> **Goal of the exercise**
Which lines below contain the word "image"? Copy each one.
(Provided records begins)
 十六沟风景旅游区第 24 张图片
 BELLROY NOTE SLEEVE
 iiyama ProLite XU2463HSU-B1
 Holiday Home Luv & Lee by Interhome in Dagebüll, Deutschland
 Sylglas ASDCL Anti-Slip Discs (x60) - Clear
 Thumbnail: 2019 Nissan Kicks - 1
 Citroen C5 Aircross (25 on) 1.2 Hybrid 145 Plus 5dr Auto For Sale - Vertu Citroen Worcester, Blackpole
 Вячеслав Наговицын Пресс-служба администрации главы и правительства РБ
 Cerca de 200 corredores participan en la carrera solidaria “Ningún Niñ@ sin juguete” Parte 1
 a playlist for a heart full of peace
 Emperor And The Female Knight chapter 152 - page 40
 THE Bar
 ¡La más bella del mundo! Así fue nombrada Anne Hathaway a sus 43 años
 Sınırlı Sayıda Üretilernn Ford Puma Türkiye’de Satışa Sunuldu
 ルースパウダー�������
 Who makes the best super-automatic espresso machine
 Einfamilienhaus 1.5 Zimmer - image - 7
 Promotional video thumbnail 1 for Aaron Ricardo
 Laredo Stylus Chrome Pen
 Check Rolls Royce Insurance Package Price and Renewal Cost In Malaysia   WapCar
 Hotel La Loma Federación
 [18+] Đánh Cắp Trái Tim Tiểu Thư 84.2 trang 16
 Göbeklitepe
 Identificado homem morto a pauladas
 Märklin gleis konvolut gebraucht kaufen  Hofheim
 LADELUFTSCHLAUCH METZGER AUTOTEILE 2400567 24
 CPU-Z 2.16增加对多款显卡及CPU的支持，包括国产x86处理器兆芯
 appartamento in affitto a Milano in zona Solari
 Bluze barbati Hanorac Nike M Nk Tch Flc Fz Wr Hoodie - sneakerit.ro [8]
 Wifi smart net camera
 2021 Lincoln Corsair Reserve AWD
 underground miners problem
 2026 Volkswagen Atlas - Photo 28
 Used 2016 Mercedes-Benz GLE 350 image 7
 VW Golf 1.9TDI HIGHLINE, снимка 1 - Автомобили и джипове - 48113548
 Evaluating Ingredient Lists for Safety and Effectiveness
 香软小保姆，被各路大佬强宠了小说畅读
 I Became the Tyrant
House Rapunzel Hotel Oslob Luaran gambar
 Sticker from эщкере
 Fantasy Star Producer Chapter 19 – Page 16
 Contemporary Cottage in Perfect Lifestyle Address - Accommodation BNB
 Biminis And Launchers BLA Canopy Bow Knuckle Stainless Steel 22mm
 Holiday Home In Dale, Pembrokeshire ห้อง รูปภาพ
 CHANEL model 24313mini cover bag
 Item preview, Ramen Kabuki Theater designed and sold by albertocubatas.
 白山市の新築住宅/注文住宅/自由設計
(Provided records ends)
> **Reply**
 Einfamilienhaus 1.5 Zimmer - image - 7
 Used 2016 Mercedes-Benz GLE 350 image 7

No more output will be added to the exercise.